Steven D. Wexner is an American colorectal surgeon who developed clinical scoring systems used in colorectal surgery. He is the Physician Executive Director and System Chair for Colorectal Surgery at MedStar Health, and Professor of Surgery at Georgetown University School of Medicine, having previously served as Director of the Ellen Leifer Shulman and Steven Shulman Digestive Disease Center at Cleveland Clinic Florida from 2022-2025 and as chair of the Department of Colorectal Surgery at Cleveland Clinic Florida from 1993 to 2024.

He developed the Wexner Incontinence Score, the Wexner Constipation Score, and the Pikarsky-Wexner Perianal Crohn's Score, which are used to assess symptom severity in colorectal disorders. His research has focused on fecal incontinence, inflammatory bowel disease, and colorectal cancer. In 2020, he was elected vice-chair of the Board of Regents of the American College of Surgeons for a one-year term.

== Early life and education ==
Steven Wexner is the son of Ira Howard Wexner, who served as a Justice of the Supreme Court of the State of New York and Supervising Judge of the Nassau District and County Courts, and Arlene. His decision to pursue medicine was influenced by two childhood experiences: his grandmother's fatal heart attack and his sister's emergency hospitalization.

Wexner received his bachelor's degree from Columbia University in 1978. He earned his MD in 1982 from Weill Cornell Medicine. He completed a general surgery residency in 1987 at Roosevelt Hospital (now Mount Sinai West). In 1988 he completed a fellowship in colon and rectal surgery at the University of Minnesota Medical School in Minneapolis.

== Career ==
In 1993, Wexner was named chairman of the Department of Colorectal Surgery at Cleveland Clinic Florida, a position he held until 2024 when he became Emeritus Chair. While at Cleveland Clinic he also served as Chairman of the Division of Research and Education from 1995 to 2012, as well as Chief of Staff from 1997 to 2008. He served as Chief Academic Officer from 2008 to 2012. In 2012 He was appointed the Director of the Digestive Diseases Center. In November 2025, Wexner was appointed Executive Director and System Chair for Colorectal Surgery at MedStar Health, covering 10 hospitals in the Washington, D.C. region. He concurrently serves as Professor of Surgery and Vice Chair for Professional Development in the Department of Surgery at Georgetown University School of Medicine.

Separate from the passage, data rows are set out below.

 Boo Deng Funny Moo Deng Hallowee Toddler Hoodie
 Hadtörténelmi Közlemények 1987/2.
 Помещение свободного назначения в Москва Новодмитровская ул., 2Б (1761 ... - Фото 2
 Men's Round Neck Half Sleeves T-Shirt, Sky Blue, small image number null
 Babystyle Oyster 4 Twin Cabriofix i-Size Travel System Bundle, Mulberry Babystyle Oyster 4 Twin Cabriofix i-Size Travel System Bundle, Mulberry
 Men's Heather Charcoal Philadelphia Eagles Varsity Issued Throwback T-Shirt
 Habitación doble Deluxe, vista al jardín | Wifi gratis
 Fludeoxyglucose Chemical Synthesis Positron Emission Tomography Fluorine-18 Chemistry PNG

As a founder of the National Accreditation Program for Rectal Cancer (NAPRC), he led a coalition to establish the accreditation program with the American College of Surgeon's Commission on Cancer. The NAPRC's goal is to implement educational and medical standards for rectal cancer treatment.

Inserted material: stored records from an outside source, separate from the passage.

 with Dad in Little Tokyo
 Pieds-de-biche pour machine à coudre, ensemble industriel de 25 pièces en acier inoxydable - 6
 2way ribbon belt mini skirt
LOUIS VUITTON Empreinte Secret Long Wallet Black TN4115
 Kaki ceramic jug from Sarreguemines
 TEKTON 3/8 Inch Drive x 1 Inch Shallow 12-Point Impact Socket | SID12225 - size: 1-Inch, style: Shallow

In November 2025, Wexner discussed the rising incidence of colorectal cancer among younger adults in a FOX 5 DC interview, attributing the trend to genetic, environmental, and dietary factors and noting that removal of precursor polyps during colonoscopy can prevent the disease. He said these cancers are often found at an advanced stage because patients and physicians ascribe rectal bleeding, changed bowel habits, or unexplained weight loss to hemorrhoids or irritable bowel syndrome. He recommended screening from age 45, or, for those with a family history, beginning ten years before the diagnosis age of the youngest first-degree relative with colorectal neoplasia.

== Research ==
Wexner has focused on research related to fecal incontinence treatment. In 1993, he and Marcio Jorge published a paper on the etiology and management of fecal incontinence that first presented what became known as the Wexner Incontinence Score.

In 2022, Cleveland Clinic Florida received a $5 million gift to fund Wexner's research. In recognition of their contribution, Cleveland Clinic Weston recognized the Shulmans by naming the Digestive Disease Center the Ellen Leifer Shulman and Steven Shulman Digestive Disease Center.

In a December 2020 interview with Local 10, Wexner said colorectal cancer was becoming more frequent in younger patients, which he attributed to genetic, environmental, and dietary factors. In a later television interview, he noted that symptoms in younger adults are often mistaken for hemorrhoids and that approximately half of colorectal cancer cases present without symptoms.

===Clinical scoring systems===
Wexner has developed several clinical scoring systems used in colorectal surgery and gastroenterology.

The Wexner Incontinence Score, also known as the Cleveland Clinic Incontinence Score, is a scoring system for assessing fecal incontinence severity. Developed with J. Marcio N. Jorge, the score evaluates five parameters—incontinence to solid stool, incontinence to liquid stool, incontinence to gas, need to wear a pad, and lifestyle alteration—each scored from 0 (never) to 4 (always), for a total score of 0 to 20.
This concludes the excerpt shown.